Thursday 30 April 2009

Monkey Flu Comes To Belfast

Today I woke up to screaming, it was different screaming to Fabian Wildman's sex screams. I went running downstairs to find it was Fabian Wildman. He was standing in the kitchen with his hand under the cold tap screaming and crying.

"What's wrong?
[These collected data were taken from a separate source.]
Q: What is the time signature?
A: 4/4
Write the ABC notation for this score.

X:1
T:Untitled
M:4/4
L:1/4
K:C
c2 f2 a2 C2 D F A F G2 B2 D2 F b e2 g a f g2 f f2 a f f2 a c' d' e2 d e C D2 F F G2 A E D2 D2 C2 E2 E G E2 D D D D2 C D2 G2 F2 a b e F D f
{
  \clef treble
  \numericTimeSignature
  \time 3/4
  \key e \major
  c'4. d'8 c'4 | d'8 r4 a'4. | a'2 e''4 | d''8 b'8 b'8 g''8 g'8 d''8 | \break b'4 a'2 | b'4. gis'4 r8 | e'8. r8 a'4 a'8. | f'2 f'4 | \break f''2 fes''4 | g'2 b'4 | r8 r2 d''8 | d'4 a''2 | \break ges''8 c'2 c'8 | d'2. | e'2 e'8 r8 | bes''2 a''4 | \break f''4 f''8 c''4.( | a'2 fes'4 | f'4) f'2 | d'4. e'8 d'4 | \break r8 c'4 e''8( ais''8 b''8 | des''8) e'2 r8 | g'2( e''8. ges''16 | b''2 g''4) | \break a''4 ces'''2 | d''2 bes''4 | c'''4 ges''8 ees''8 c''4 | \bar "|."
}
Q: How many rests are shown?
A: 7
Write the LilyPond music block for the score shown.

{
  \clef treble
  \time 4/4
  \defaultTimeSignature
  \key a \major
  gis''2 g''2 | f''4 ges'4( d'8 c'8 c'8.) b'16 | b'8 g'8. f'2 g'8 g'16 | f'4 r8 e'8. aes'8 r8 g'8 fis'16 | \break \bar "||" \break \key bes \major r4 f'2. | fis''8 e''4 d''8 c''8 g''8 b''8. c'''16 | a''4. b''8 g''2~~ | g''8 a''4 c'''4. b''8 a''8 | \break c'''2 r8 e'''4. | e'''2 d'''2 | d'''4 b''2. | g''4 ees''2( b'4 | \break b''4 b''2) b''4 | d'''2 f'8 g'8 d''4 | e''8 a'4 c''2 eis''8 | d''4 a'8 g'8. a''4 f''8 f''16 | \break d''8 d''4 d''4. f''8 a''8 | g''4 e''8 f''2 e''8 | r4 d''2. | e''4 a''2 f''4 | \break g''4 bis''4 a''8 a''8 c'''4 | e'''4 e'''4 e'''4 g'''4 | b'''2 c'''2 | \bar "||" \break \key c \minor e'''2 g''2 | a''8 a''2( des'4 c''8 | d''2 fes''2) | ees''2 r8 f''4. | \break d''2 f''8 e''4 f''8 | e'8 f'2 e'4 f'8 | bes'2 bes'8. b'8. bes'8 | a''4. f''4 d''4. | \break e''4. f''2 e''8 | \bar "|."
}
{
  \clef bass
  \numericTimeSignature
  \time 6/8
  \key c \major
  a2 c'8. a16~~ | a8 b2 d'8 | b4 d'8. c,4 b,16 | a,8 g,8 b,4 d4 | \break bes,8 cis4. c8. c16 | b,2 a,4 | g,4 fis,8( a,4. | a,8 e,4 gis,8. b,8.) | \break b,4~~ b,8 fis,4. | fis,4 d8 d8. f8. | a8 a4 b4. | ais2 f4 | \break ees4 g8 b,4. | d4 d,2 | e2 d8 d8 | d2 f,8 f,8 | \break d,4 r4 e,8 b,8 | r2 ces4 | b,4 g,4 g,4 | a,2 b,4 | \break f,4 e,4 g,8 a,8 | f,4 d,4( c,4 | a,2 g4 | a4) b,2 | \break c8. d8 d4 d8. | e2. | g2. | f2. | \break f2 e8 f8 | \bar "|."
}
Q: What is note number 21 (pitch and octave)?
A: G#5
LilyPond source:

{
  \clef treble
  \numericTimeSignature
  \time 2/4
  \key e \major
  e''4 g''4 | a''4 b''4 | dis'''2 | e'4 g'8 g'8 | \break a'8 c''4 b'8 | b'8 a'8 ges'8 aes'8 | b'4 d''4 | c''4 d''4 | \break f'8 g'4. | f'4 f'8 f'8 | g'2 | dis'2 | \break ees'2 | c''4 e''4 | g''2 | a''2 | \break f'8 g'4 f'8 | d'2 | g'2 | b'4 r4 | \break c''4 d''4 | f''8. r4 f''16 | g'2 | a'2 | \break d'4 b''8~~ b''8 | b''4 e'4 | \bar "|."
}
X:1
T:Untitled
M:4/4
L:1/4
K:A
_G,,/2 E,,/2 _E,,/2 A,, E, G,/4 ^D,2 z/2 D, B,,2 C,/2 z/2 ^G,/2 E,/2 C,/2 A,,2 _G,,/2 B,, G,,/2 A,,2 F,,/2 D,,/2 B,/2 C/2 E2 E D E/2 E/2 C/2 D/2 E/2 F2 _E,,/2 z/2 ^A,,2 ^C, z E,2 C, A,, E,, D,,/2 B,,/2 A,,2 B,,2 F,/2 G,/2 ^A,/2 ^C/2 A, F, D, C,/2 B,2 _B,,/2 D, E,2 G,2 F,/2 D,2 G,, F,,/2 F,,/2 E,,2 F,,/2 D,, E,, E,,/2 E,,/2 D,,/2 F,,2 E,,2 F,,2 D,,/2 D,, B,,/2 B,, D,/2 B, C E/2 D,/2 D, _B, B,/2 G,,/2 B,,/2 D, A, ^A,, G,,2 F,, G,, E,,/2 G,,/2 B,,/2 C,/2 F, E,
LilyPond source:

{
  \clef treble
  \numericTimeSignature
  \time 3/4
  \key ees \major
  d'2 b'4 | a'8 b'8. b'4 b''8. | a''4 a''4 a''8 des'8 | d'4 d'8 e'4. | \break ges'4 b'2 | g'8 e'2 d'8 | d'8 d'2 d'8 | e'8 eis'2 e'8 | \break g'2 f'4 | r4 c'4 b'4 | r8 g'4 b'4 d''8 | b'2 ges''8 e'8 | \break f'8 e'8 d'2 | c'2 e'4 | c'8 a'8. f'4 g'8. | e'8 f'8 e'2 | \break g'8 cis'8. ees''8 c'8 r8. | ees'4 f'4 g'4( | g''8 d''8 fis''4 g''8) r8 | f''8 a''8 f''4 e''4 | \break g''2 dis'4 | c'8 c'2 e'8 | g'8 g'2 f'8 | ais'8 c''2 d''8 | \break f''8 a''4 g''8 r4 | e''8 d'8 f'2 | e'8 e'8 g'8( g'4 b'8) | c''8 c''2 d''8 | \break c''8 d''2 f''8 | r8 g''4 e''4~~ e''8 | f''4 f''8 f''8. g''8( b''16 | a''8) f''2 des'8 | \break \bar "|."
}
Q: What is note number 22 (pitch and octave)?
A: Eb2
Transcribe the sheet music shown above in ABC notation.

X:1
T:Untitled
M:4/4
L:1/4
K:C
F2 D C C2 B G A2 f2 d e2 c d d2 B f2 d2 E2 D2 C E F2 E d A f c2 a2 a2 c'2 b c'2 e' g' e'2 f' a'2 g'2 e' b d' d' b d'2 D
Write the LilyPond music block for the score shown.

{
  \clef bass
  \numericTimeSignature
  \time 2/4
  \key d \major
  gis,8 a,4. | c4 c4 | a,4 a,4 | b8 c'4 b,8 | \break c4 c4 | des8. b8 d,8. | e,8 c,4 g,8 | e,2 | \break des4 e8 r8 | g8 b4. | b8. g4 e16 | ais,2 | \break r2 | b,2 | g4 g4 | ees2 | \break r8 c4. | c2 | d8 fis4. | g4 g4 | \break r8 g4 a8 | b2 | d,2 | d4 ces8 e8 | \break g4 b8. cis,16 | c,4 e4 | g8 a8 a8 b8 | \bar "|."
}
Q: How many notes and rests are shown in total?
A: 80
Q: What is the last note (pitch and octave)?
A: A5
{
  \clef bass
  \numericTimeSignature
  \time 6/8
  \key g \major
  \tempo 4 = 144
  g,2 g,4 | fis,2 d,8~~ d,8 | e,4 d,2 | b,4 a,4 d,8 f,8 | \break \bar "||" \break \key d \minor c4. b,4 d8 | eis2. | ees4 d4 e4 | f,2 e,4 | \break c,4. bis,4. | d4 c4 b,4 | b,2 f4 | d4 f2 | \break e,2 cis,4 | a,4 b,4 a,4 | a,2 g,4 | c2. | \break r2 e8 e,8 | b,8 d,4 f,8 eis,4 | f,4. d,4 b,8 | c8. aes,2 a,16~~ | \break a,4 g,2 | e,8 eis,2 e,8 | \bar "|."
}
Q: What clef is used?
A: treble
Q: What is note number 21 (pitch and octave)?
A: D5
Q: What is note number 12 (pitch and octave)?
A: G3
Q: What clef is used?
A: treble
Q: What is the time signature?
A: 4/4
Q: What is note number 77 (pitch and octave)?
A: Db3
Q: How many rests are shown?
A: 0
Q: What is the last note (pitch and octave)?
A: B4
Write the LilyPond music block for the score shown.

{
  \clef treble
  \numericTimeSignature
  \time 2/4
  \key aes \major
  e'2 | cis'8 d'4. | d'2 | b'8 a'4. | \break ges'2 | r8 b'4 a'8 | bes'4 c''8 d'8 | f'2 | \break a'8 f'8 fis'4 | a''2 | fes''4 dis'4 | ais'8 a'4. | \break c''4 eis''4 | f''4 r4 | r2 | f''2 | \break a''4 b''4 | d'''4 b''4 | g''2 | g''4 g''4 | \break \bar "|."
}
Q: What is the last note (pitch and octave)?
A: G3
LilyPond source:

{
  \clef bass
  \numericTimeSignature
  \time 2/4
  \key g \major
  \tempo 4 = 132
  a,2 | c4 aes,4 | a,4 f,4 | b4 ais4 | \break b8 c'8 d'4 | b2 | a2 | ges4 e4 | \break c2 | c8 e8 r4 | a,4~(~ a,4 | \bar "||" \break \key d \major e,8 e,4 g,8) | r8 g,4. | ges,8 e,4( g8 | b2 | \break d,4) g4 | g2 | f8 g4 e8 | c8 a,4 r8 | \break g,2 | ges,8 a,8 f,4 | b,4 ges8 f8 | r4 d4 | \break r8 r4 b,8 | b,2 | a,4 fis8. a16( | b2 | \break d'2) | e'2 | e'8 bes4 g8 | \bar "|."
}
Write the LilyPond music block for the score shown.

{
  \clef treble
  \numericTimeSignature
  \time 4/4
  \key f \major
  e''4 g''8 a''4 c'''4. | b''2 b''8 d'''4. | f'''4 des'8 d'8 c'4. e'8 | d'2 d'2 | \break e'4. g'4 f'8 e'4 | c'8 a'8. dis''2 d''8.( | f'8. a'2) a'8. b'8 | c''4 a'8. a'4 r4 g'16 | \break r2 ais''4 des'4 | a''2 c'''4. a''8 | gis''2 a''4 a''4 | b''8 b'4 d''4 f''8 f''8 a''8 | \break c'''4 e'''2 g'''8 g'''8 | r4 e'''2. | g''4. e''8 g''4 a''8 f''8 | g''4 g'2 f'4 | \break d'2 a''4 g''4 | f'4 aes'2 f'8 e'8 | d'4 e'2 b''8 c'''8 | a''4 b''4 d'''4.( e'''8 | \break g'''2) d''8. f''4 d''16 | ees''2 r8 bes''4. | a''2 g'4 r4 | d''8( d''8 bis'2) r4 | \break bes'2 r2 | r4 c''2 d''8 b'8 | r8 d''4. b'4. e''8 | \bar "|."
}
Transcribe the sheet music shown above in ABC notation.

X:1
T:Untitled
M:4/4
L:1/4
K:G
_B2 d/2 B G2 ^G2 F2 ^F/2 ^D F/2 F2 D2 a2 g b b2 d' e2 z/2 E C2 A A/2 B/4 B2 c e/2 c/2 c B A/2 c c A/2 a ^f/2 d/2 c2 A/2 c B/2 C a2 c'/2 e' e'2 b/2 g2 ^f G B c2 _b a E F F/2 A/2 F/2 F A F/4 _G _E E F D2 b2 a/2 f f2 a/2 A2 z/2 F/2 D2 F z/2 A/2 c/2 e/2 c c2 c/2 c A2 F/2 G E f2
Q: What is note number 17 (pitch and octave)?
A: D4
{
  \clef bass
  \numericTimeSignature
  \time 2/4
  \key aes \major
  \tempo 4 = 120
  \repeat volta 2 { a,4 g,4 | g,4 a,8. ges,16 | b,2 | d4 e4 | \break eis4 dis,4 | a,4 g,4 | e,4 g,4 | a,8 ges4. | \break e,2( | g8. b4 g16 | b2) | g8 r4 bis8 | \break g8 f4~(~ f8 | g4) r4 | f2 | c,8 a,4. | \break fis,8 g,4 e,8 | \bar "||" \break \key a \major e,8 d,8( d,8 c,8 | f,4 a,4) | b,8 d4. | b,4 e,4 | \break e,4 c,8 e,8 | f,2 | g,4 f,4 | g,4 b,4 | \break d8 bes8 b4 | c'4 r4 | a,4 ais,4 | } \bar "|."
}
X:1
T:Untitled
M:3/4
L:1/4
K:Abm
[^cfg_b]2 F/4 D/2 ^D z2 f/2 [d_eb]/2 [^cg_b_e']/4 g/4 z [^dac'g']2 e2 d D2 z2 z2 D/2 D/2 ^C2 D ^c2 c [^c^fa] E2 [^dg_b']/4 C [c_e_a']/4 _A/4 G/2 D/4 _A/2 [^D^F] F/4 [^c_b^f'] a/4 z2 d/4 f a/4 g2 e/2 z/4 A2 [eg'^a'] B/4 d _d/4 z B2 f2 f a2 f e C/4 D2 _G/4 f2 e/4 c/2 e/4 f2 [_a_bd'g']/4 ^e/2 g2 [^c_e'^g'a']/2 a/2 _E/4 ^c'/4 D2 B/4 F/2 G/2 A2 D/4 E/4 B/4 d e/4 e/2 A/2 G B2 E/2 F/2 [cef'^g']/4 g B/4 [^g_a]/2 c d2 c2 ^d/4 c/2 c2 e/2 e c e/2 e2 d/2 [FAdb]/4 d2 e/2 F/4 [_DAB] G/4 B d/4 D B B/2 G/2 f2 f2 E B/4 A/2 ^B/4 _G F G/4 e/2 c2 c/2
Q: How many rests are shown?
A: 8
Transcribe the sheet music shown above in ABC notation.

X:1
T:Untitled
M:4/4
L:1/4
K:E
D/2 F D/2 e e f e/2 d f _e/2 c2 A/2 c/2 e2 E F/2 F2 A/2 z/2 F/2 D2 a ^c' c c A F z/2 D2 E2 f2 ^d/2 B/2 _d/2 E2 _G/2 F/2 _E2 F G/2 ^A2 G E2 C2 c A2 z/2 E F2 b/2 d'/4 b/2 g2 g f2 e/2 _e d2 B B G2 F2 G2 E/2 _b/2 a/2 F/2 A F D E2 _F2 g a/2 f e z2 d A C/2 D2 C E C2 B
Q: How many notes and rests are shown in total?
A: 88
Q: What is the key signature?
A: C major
Did you burn yourself?" I asked.

"No!" he screamed. "I've been infected with Monkey Flu!"

"You mean swine flu?" I asked recoiling from him like I would from granny porn.

"NO! MONKEY FLU!"

"What's monkey flu?" I asked.

"You get it from eating beige foods!" he squeeled. "It makes you shit and piss yourself turn about and then you die,"

"Beige foods?" I asked wondering why he'd his hand under the tap.

"You know buns, pastries, all that shit that tramps eat, now one of the fuckers has bit me! Fuck those gypsy bastards down castle street! I only reached into his tin looking for crack money!"

"Maybe if you did an honest days begging instead of stealing you'd have the money now instead of monkey flu, which by the way sounds like a load of balls to me."

"You'll be sorry when you find me dead!" he squeeled running up the stairs in a wild panic. He locked himself in the toilet and he's been there ever since.